Nico Hendrickx

Personal information
- Nationality: Belgian
- Born: 16 February 1976 (age 50) Lier, Belgium
- Occupation: archer

Sport
- Country: Belgium
- Sport: archery

Achievements and titles
- Olympic finals: 10th seed at the 2000 Summer Olympic Games
- World finals: 1999 European Grand Prix (team bronze)
- National finals: XII Golden Arrow event (individual bronze medal); EMAU Grand Prix Tournier Der Nationen (silver medal);

= Nico Hendrickx =

Belgian archer (born 1976)

Nico Hendrickx (born 16 February 1976 in Lier) is a Belgian archer.

==Career==

Hendrickx won an individual bronze medal at the XII Golden Arrow event and a team bronze at the 1999 European Grand Prix. He won a silver medal at the EMAU Grand Prix Tournier Der Nationen.

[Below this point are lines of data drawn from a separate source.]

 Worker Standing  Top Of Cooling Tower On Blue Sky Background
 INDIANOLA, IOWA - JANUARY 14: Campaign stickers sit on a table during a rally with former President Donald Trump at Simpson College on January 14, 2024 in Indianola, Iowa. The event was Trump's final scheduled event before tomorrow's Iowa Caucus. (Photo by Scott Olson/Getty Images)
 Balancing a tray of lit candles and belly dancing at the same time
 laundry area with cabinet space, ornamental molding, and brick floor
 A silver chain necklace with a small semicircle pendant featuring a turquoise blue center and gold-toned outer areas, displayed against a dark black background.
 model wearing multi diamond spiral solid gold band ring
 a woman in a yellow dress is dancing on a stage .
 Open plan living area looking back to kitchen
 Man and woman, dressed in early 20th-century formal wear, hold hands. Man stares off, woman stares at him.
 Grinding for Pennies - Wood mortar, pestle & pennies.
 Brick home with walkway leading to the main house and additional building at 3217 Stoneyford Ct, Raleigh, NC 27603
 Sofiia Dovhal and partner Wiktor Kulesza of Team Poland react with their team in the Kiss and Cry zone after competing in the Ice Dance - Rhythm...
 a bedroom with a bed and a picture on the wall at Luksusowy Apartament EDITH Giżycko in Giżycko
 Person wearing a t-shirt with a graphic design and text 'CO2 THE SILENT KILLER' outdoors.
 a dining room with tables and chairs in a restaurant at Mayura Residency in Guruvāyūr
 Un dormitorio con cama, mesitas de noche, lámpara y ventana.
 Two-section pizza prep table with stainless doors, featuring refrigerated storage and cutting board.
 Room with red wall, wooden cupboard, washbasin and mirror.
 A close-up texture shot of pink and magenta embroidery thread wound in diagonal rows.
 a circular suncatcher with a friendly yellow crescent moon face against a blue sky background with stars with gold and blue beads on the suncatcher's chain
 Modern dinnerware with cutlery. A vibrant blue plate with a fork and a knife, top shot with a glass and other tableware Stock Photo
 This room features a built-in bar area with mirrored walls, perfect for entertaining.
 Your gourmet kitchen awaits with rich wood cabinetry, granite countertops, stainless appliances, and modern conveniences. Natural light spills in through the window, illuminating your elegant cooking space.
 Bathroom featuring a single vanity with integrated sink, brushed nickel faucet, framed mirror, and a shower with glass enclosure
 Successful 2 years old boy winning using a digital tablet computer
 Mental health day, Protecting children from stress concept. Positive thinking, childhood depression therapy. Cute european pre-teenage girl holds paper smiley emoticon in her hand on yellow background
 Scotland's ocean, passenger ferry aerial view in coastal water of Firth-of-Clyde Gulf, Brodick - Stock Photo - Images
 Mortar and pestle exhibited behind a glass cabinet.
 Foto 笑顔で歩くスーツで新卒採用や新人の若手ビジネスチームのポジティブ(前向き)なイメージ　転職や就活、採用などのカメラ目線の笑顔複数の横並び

Hendrickx competed in five World Archery Championships and had a highest finish of sixth.

At the 2000 Summer Olympic Games he scored 640 points in the ranking round of the Men's individual event which made him the tenth seed. Hendrickx defeated Jubzhang Jubzhang of Bhutan 162–156 in the first round before losing 154–151 to Vadim Shikarev of Kazakhstan in the second round.

==Family==

Hendrickx's mother Raymonde Verlinden represented Belgium at the 1984 Summer Olympic Games in archery.